- _Problem_: Your job is to set down the stretch of entries that opens with the line containing "American flag shirt" and closes with the line containing "8385JR - Tamra Gold Filled Adjustable Ring". Keep both end lines, copy each exactly, and add nothing.

:: Data supplied

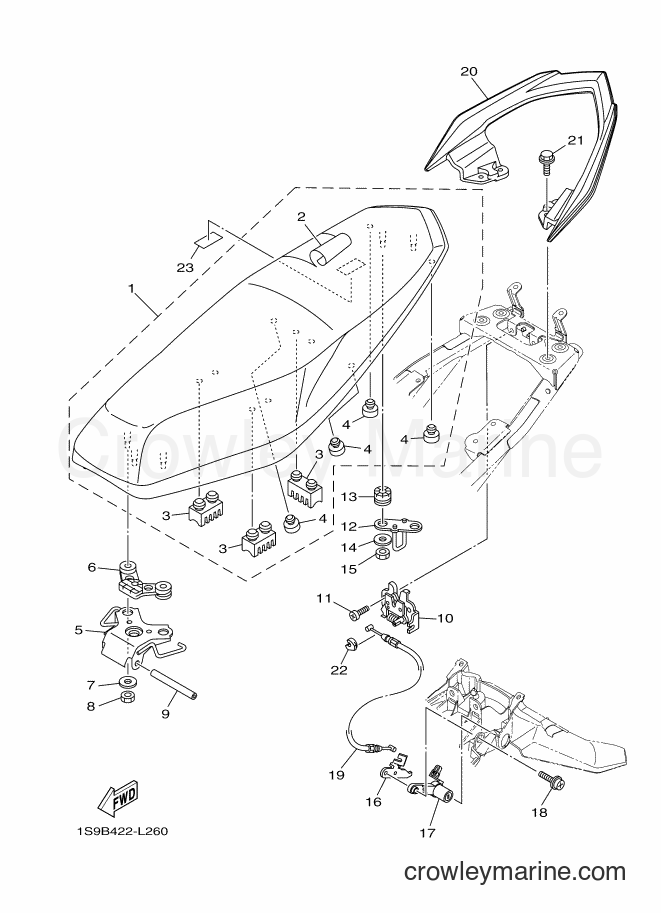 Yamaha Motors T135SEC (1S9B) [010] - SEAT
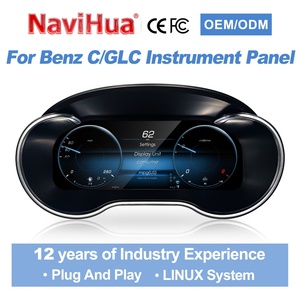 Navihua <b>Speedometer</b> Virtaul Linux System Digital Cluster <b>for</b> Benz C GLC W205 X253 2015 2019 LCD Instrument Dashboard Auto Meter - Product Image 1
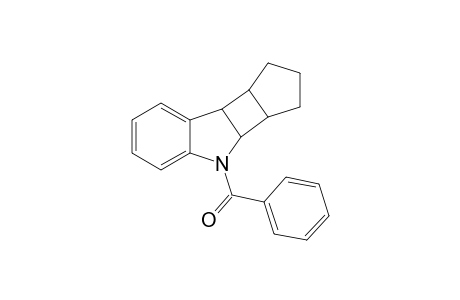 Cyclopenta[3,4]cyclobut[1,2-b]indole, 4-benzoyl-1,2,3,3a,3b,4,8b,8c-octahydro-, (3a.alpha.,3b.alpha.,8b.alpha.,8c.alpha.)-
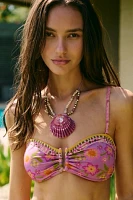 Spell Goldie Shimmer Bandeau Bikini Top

::::
:: Data supplied

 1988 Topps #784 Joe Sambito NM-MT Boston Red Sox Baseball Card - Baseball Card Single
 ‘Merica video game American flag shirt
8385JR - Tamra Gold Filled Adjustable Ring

::::

- _Exercise response_:
 ‘Merica video game American flag shirt
8385JR - Tamra Gold Filled Adjustable Ring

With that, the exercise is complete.